--- DATA LISTING Enclosed Below ---

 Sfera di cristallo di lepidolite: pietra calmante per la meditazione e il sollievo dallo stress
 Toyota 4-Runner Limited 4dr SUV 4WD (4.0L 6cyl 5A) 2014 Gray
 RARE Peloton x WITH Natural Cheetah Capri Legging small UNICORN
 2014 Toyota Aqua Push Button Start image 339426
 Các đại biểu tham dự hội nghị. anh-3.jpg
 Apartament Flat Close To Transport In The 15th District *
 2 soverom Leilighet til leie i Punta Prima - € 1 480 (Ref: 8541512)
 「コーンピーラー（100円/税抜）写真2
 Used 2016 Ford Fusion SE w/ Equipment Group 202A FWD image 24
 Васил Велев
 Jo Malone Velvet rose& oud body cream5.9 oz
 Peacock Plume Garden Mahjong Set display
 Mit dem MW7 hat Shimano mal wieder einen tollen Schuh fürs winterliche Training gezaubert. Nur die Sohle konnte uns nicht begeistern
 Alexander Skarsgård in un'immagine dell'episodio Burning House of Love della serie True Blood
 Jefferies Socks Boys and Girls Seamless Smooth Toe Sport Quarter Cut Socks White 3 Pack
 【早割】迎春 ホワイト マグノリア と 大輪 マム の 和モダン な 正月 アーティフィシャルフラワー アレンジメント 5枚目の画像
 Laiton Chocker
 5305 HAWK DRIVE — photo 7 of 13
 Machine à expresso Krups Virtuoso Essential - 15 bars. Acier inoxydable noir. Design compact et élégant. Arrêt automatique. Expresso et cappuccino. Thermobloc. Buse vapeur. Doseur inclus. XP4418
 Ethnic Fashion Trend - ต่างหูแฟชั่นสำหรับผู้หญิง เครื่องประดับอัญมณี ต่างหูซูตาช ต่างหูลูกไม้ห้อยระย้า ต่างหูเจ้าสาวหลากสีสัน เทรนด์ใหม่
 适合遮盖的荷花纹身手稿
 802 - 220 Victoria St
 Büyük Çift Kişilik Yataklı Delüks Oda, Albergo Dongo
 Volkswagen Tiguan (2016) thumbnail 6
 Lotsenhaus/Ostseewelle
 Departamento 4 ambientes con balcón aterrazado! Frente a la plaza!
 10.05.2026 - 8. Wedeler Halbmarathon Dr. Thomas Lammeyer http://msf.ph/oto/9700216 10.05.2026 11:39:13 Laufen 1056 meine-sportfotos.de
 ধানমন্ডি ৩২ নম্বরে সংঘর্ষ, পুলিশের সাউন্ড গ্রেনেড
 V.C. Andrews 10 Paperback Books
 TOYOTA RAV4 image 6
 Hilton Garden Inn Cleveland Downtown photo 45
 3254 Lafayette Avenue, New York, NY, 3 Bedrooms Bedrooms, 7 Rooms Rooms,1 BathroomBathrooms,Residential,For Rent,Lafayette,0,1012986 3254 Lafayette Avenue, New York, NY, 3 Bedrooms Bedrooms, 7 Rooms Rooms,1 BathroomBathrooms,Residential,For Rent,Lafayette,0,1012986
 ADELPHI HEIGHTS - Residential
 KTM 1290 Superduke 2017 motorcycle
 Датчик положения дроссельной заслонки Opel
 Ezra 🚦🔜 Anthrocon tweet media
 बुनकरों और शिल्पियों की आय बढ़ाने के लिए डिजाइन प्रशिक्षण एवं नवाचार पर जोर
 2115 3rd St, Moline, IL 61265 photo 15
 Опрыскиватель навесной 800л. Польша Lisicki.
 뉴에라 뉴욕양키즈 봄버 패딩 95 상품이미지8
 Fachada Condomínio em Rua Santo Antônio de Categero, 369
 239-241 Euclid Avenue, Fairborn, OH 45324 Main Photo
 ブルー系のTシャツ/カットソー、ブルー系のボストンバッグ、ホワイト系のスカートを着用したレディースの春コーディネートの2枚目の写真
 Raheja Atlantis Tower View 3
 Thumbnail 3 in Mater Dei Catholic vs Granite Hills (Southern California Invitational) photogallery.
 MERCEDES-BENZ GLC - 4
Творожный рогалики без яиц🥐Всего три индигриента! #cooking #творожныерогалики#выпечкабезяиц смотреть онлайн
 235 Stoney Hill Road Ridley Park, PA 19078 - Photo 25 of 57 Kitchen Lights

--- End of Enclosed DATA LISTING ---

_WHAT YOU HAVE TO DO_
Out of the records above, pick each line that contains the string "Avenue".

_EXPECTED OUTPUT_
 3254 Lafayette Avenue, New York, NY, 3 Bedrooms Bedrooms, 7 Rooms Rooms,1 BathroomBathrooms,Residential,For Rent,Lafayette,0,1012986 3254 Lafayette Avenue, New York, NY, 3 Bedrooms Bedrooms, 7 Rooms Rooms,1 BathroomBathrooms,Residential,For Rent,Lafayette,0,1012986
 239-241 Euclid Avenue, Fairborn, OH 45324 Main Photo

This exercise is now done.